Dear Madam,
The lifetime of the Indian Arbitration and Conciliation Act, 1996, has seen a deflection in the attitude of the Indian judiciary from general abstinence, to intervening in arbitration processes, even in cases which take place outside India. This has given a voice to many naysayers who have been critical of the act and its implementation by the Indian courts.
As mentioned in the article Settling for less?, in the June issue of India Business Law Journal, the judgments of the Indian Supreme Court in the cases of Bhatia International and Venture Global, by respectively holding that an Indian court has the jurisdiction to (a) pass interim orders on matters which are subject to international commercial arbitration outside India, and (b) set aside awards made in arbitrations conducted outside India, have certainly invited criticism.

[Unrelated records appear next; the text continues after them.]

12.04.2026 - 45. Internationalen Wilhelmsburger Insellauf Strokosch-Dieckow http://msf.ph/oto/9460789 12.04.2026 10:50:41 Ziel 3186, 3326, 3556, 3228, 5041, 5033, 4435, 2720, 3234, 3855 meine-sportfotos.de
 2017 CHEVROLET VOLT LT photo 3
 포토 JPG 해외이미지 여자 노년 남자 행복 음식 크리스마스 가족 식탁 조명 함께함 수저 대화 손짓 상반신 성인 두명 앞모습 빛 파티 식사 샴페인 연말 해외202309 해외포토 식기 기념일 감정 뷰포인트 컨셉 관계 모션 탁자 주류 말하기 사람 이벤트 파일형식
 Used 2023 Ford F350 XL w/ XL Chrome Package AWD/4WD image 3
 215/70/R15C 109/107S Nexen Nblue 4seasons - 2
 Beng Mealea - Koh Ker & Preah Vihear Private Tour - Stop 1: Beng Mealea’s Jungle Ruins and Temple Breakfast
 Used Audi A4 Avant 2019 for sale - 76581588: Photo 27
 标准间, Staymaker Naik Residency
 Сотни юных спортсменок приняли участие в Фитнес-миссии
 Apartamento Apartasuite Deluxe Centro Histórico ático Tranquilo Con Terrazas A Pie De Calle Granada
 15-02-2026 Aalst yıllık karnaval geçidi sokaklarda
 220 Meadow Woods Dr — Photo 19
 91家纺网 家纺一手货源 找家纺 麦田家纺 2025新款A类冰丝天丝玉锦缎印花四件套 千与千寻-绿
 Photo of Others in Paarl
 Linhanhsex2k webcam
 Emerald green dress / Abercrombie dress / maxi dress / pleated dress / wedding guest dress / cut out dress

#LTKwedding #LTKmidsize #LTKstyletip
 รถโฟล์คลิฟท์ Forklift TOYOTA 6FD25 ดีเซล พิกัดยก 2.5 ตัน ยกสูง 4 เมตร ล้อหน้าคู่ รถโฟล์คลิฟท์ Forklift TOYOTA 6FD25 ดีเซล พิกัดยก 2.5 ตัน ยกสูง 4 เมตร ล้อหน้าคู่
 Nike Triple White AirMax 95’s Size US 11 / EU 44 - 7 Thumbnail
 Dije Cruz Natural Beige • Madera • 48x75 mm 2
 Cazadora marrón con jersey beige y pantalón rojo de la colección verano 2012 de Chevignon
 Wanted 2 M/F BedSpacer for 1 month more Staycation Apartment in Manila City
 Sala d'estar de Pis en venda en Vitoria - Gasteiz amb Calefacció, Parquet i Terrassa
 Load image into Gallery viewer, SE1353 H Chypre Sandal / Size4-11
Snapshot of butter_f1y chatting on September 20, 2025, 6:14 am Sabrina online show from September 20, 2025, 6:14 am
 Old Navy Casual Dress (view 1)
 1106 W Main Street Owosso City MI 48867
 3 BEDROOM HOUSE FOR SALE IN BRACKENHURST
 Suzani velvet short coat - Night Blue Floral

However, it is worthwhile to remember that, in both these much discussed judgments the Supreme Court specifically opined that interference of this nature by Indian courts in international commercial arbitration outside India would not be possible if parties by agreement, express or implied, exclude the application of part I of the act from such proceedings.
Moreover, recent judicial trends as evidenced in the judgments of Delhi High Court in cases like Max India Limited v General Binding Corporation and DGS Realtors Pvt Ltd v Realogy Corporation, have indicated that the courts, even in the absence of clauses specifically excluding the application of part I of the act, have given weight to the real intention of the parties and declined to interfere in matters which fall within the realm of international commercial arbitration.